Contact Texas Solar Outfitters here in Houston and ask for Cal Morton, I wasn't able to get the solar install through them because my credit took a dump after the house purchase. However I got multiple quotes from them for different types of systems. 34 - 290 Mission Solar Panels (9.86kw) with power optimizers and single inverter was quoted at $29,676 before any incentives.

EDIT: that quote was a year ago, i'm sure it's dropped since.
 
Hey fellow TMC members. If you are looking for solar in Texas, Freedom Solar Power is the largest residential installer of solar in Texas. Offices and Design Centers in Dallas, Austin, San Antonio, and Houston.
We are also the exclusive Master Dealer for the nations largest provider of Solar Panels in Sunpower complete home solar soultions.
Sunpower is the leader in solar efficiency, aesthetics, and warranty.

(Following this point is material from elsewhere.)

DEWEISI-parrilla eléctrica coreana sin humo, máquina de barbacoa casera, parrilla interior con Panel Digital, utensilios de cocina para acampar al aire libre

Feel free to reach out for more information.
Here is the link to our YouTube page
Freedom Solar Power
 

nwdiver

Well-Known Member
Feb 17, 2013
9,177
13,921
United States
Hey fellow TMC members. If you are looking for solar in Texas, Freedom Solar Power is the largest residential installer of solar in Texas. Offices and Design Centers in Dallas, Austin, San Antonio, and Houston.
We are also the exclusive Master Dealer for the nations largest provider of Solar Panels in Sunpower complete home solar soultions.
Sunpower is the leader in solar efficiency, aesthetics, and warranty.

Feel free to reach out for more information.
Here is the link to our YouTube page
Freedom Solar Power

How much does a typical system cost per watt?
 

reddy

Active Member
Jan 26, 2013
1,092
1,882
Amarillo, TX
I paid about $3.33 for an 18kW system in Amarillo before any incentives or tax credits last year. However i had the panels mounted on their own structure rather than the roof, in order to optimize the angle and point them directly south.

A couple caveats. Our system is 'rated' at 18kW, but even though we point at 180 degrees and have no shading from trees, even on the days where the sun is at the same inclination as our panels we don't ever get 18kW at peak. Even though we are in an area that is relatively dry, there seems to be day to day variation depending on upper atmospheric haze. We range 100 - 125 kwH per day in the summer on a clear day. If you have clouds , your production drops. Our worst day (in December) was a 8 kWh day.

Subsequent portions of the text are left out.